Given records:
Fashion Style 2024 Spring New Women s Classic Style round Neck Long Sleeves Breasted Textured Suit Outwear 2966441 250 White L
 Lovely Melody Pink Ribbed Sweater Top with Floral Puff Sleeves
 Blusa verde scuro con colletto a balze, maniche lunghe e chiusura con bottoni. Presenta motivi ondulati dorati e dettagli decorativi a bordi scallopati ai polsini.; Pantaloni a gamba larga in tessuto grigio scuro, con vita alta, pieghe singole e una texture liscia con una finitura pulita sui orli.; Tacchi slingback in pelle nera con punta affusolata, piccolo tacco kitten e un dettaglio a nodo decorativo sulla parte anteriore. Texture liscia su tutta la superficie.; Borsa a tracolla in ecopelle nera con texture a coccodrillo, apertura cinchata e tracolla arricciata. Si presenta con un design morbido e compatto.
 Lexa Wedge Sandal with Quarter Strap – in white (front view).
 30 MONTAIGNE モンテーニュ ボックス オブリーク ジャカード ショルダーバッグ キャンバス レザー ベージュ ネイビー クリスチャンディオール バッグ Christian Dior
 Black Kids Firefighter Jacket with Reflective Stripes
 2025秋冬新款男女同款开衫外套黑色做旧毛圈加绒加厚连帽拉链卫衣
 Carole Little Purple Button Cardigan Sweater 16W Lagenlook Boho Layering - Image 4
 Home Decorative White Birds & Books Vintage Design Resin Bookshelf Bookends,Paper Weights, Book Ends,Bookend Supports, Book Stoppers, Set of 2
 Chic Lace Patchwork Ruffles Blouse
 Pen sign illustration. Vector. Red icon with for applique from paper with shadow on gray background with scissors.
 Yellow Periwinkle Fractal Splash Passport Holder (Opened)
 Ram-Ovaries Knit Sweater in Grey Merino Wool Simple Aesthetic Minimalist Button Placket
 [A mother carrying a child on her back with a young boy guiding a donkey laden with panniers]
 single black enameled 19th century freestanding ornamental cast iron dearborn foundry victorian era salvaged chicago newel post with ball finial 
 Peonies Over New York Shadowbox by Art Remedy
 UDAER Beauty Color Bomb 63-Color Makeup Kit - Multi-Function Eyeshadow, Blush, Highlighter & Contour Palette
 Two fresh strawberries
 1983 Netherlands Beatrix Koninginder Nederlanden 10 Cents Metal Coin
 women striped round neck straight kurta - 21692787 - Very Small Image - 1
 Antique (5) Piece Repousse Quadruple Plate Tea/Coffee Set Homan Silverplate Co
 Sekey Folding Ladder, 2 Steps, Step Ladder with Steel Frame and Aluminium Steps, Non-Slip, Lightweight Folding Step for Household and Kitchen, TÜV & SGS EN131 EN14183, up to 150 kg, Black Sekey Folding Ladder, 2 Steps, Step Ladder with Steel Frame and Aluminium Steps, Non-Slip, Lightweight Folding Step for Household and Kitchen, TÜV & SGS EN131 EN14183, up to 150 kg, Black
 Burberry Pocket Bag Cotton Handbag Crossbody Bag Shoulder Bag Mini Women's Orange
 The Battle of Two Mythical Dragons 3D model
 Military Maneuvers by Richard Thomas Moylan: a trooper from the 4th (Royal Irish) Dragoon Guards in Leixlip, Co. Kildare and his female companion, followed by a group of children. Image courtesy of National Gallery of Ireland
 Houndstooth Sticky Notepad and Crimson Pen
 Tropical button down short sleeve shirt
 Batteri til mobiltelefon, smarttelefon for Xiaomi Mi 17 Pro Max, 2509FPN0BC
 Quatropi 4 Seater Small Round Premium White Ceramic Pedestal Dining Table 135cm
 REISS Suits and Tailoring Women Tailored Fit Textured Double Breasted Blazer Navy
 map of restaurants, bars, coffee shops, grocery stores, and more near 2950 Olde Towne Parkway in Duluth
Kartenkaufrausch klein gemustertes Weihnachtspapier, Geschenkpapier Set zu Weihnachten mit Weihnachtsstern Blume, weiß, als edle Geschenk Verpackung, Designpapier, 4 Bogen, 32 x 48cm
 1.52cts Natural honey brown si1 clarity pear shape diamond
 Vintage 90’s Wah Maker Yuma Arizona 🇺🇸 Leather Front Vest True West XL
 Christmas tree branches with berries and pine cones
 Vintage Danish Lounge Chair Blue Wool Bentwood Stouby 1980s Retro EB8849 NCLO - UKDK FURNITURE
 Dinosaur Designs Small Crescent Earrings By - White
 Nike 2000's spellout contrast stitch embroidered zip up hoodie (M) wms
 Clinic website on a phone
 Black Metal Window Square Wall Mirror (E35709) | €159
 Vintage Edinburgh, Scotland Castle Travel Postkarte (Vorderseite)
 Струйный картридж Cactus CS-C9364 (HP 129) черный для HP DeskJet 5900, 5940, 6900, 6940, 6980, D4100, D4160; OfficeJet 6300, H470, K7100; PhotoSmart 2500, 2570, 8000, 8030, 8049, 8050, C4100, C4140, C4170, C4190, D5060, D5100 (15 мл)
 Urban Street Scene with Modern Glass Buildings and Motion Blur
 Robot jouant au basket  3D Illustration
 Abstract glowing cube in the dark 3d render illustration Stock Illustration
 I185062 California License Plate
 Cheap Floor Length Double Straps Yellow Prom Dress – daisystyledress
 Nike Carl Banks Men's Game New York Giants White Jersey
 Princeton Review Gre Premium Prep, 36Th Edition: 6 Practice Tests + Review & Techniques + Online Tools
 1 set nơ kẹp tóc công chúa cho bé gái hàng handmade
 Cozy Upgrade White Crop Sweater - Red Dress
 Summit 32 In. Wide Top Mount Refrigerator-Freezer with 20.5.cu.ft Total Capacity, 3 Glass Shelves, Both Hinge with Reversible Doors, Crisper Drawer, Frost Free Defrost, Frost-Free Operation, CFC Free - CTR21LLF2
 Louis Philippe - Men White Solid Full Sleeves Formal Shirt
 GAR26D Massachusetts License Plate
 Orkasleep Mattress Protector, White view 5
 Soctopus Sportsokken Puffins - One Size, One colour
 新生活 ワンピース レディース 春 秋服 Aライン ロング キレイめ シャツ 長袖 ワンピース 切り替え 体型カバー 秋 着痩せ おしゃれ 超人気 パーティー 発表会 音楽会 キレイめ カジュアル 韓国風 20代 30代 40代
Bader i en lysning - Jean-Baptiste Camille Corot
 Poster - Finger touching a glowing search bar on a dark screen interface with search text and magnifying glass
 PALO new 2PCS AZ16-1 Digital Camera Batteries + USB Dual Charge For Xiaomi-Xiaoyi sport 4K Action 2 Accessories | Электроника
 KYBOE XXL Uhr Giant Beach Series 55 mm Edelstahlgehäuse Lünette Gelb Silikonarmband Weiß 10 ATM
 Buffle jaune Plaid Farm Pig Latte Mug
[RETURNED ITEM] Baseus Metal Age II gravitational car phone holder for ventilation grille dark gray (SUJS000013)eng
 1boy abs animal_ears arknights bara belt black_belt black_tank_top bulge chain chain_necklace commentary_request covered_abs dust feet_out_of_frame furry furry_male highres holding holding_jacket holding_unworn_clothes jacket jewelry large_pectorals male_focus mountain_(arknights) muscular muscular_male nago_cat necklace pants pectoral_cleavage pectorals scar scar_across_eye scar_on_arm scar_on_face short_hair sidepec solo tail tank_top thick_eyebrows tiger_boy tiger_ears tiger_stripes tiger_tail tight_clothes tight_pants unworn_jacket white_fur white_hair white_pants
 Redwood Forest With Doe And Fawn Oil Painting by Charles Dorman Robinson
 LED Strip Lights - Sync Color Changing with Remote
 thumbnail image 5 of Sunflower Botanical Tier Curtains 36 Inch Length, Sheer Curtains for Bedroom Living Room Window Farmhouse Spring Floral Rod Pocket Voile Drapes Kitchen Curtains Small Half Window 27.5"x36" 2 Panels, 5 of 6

The problem: Return each line from the entries above that includes "glowing".

Your response:
 Abstract glowing cube in the dark 3d render illustration Stock Illustration
 Poster - Finger touching a glowing search bar on a dark screen interface with search text and magnifying glass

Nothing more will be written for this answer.